- Born: Walter Albert Johnson September 18, 1937 Chester, Pennsylvania, U.S.
- Died: December 31, 2020 (aged 83) Bowling Green, Ohio, U.S.
- Education: Duke University
- Occupation: Electrical engineer
- Spouse: Mary Elizabeth English ​ ​(m. 1959)​

= Walter Johnson (electrical engineer) =

American electrical engineer

Walter Albert Johnson (September 18, 1937 – December 31, 2020), nicknamed "Wally", was an American electrical engineer.

== Early life and career ==
Johnson was born in Chester, Pennsylvania, the son of Horace Johnson and Gladys Jeglum. He attended and graduated from Bethesda-Chevy Chase High School. After graduating, he attended Duke University, earning his BSEE degree in 1960, which after earning his degree, he served in the United States Navy Reserve from 1961 to 1969.

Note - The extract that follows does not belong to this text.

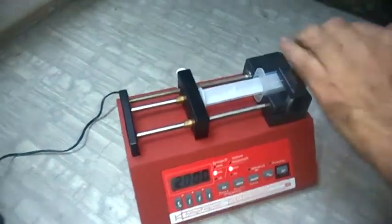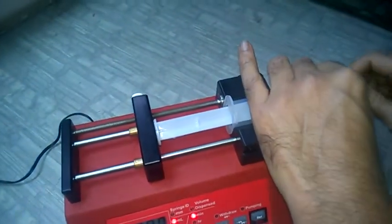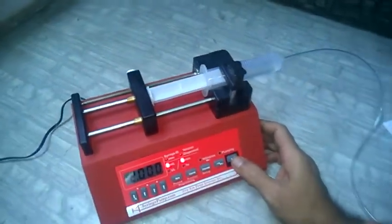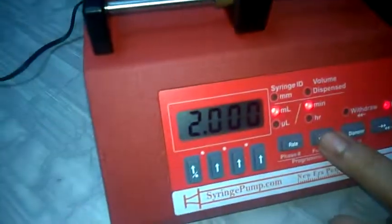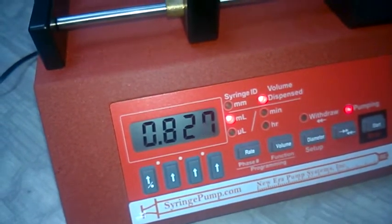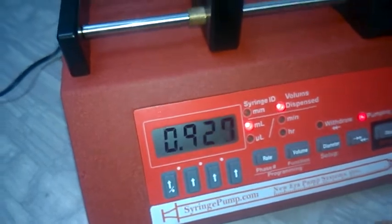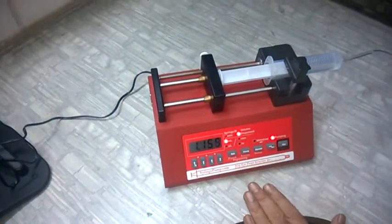I'm just attaching a small tubing and now press Start. The pump will start pumping and infusing. If you want to see how much volume has been dispensed, press the Volume button — it will display the volume in ml. As you can see, it has already dispensed 0.78 ml.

Johnson worked at Pepco, a utility company that supplies electric power to Washington, D.C. During his time at Pepco, he held the titles of control center manager and vice president of special projects. In 1997, he was named a fellow of the Institute of Electrical and Electronics Engineers, "for leadership in advancing the applications of new technologies to power system operation".

== Personal life and death ==
In 1959, Johnson married Mary Elizabeth English. Their marriage lasted until Johnson's death in 2020.

Johnson died at his home in Bowling Green, Ohio, on December 31, 2020, at the age of 83.